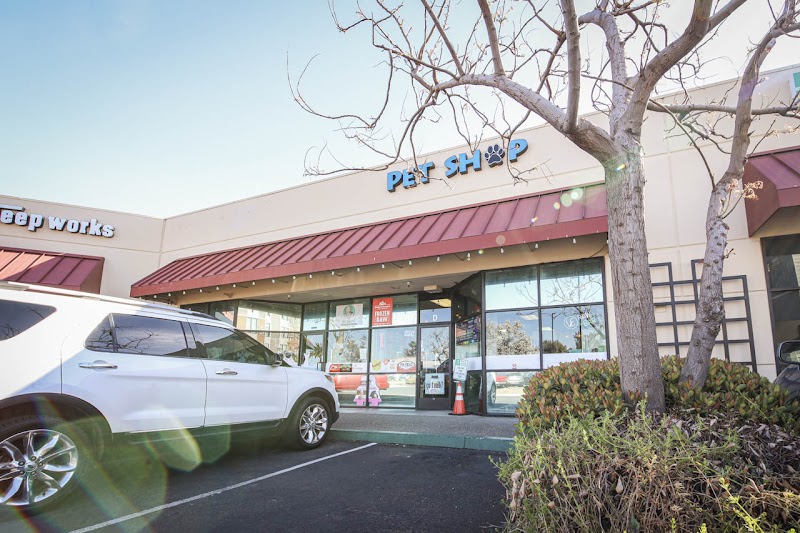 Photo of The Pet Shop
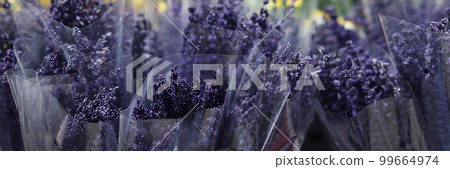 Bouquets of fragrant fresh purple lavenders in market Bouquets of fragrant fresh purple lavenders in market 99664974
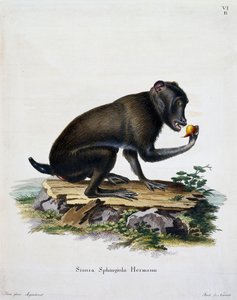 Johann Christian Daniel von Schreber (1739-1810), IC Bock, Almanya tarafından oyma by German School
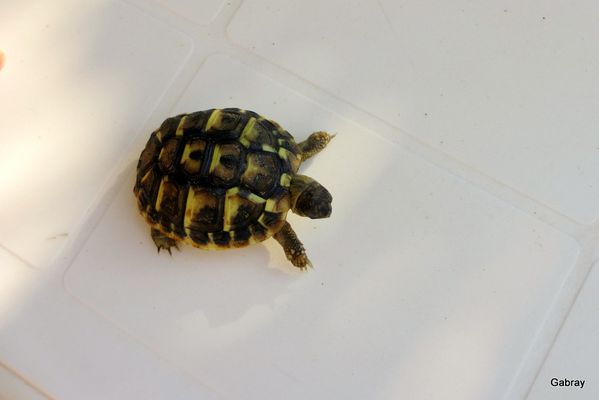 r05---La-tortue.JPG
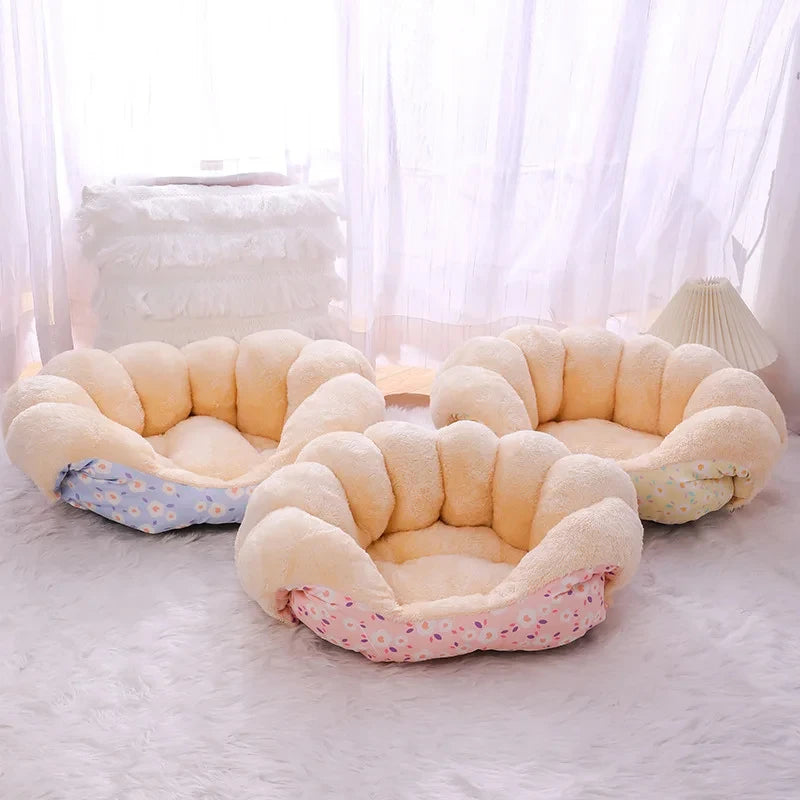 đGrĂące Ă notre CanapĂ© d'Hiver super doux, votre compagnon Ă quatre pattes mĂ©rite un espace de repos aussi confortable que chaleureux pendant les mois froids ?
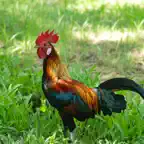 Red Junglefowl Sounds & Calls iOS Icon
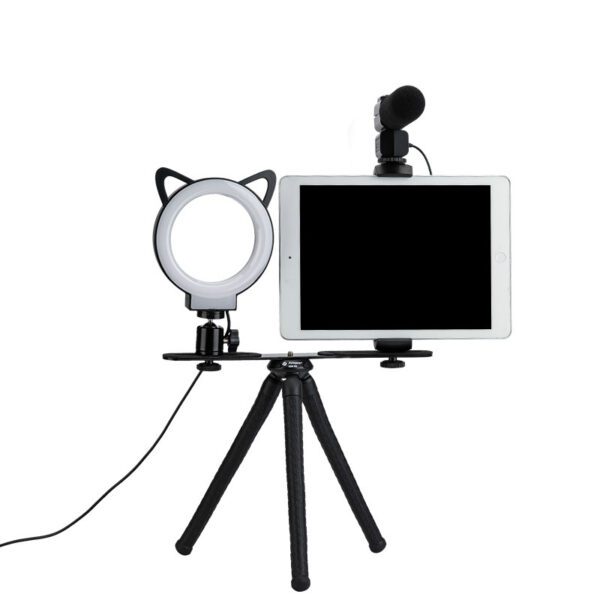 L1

———

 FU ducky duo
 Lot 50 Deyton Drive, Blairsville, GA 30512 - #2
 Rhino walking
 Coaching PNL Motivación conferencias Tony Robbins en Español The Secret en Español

———

- **GOAL OF THE EXERCISE**: Above are some lines. Repeat exactly, and only, those from the line that has "FU ducky duo" through the line that has "Coaching PNL Motivación".

- **RESULT OF THIS TASK**:
 FU ducky duo
 Lot 50 Deyton Drive, Blairsville, GA 30512 - #2
 Rhino walking
 Coaching PNL Motivación conferencias Tony Robbins en Español The Secret en Español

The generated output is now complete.